Es nutzt alles nichts, irgendwie muss man weiter die Langeweile vertreiben. Also werden sechsundzwanzig Fabeln gedichtet, eine für jeden Buchstaben, den das Alphabet hat. Dann, weil immer noch kein rettendes Schiff zur Insel gekommen ist, zweiundfünfzig ganz kurze gereimte Fabeln für jeden Sonntag im Jahr. Und dann? Ob nun endlich ein Schiff kommt?
Die Fabeln sind eingebettet in eine schöne Geschichte, die auf einer Südseeinsel spielt, auf der es sich gut leben ließe, wenn da nur die Langeweile nicht wäre. Die drei Erwachsenen und die zwei Kinder haben alle, wie sich herausstellt, Talent Geschichten zu erfinden und zu erzählen. Dabei kommen die Fabeln ganz verschieden daher. Mal lang, mal kurz und auch zu Versen gereimt.

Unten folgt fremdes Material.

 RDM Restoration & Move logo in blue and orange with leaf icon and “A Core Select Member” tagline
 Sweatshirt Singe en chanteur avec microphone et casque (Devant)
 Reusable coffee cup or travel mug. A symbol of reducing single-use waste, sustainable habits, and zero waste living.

Die erste Fabel „Die Geschichte vom Adler und der Taube“, unterteilt in sieben Abschnitte, ist ausgesprochen spannend. Ein Adler hat eine Taube in die Enge getrieben, die nun um ihr Überleben kämpft. Mit dem Erzählen von Geschichten hält sie den Adler davon ab, sie zu fressen. Die gewonnene Zeit nutzt sie, und versucht, sich zu befreien.
Auch die folgende Geschichte „Der Sängerkrieg der Heidehasen“ unterteilt in zehn gereimte Gesänge, liest man gern, geht es doch um eine Prinzessin, die erobert werden will. Nur ist einer, der am Wettstreit beteiligten alles andere als ehrlich.

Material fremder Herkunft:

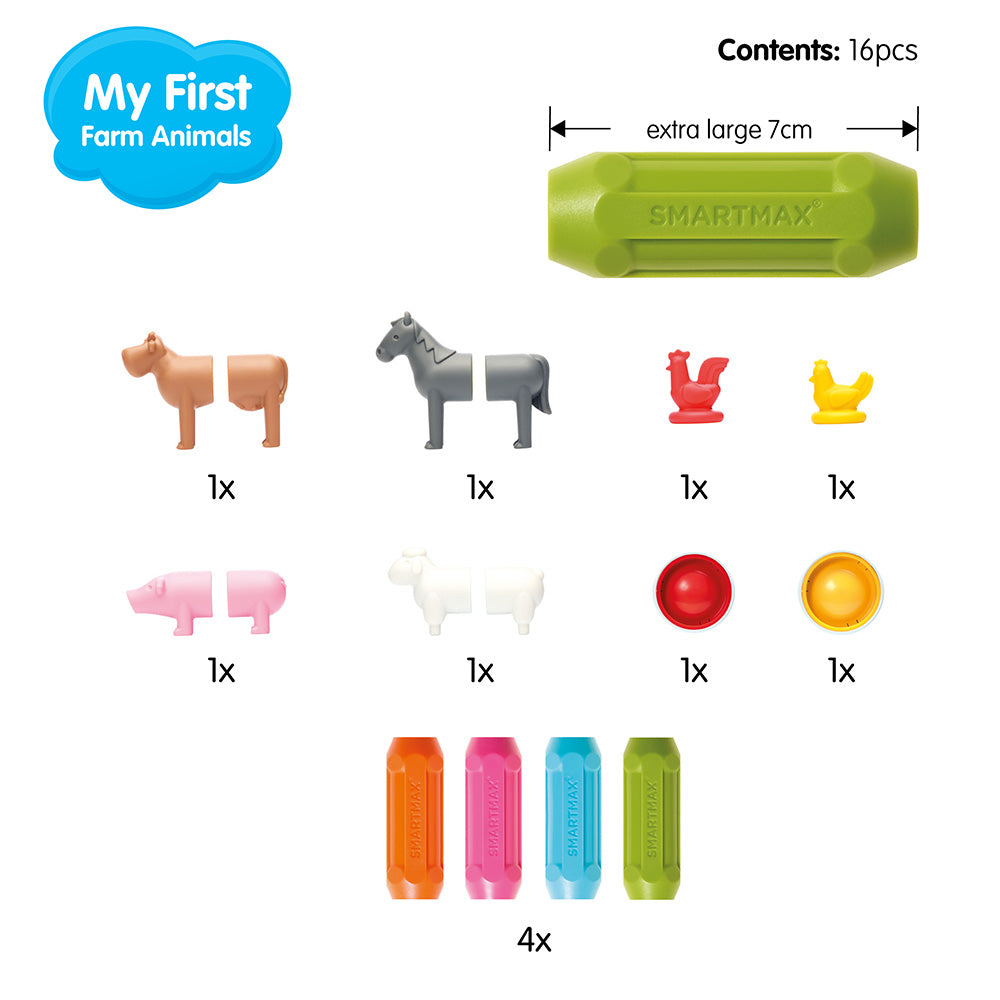 Joc magnetic Smart Max, My First Farm Animals, Primele mele animale de ferma, 16 piese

Danach scheint das Ausdenken der Geschichten schon schwerer zu fallen. Manches wirkt, wie aus dem Stegreif formuliert. Manchmal auch scheint die Fantasie mit den Schiffbrüchigen durchzugehen.
Schade, dass es nicht noch mehr Illustrationen gibt. Die etwas sparsam verteilten, gefallen nämlich ausgesprochen gut.

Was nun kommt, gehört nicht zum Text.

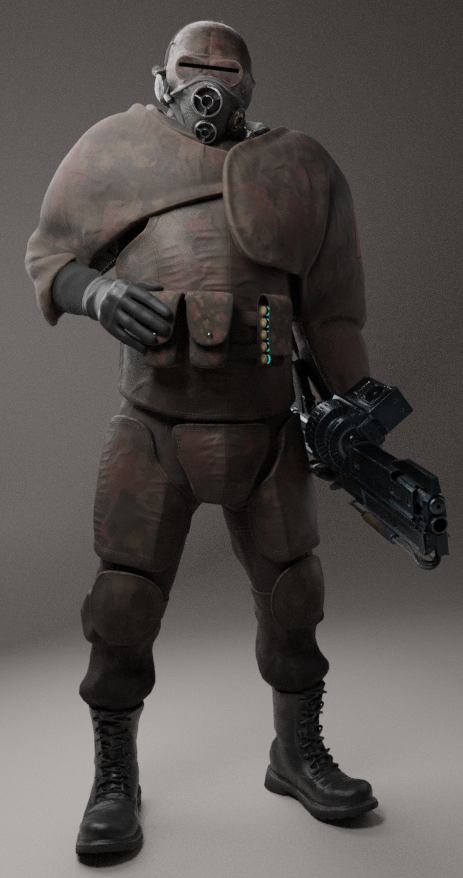 [Blender] Wasteland Shotgunner Unit (or Rhino for short) V3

Es ist kein Buch, das man im Ganzen liest. Vielmehr sollte man sich immer einem Abschnitt widmen. Auch die Schiffbrüchigen brauchten ja Zeit, um sich die Fabeln auszudenken.
Größere Kinder können selbstständig im Buch lesen. Jüngeren sollte man die Geschichten aber eher vorlesen. Denn manches erschließt sich inhaltlich für Kinder sicher nicht sofort. Viele der Fabeln regen zum Diskutieren an. Es lohnt sich über mache Geschichte tiefgründiger nachzudenken. Viele sind nicht nur amüsant, sondern auch sehr lehrreich.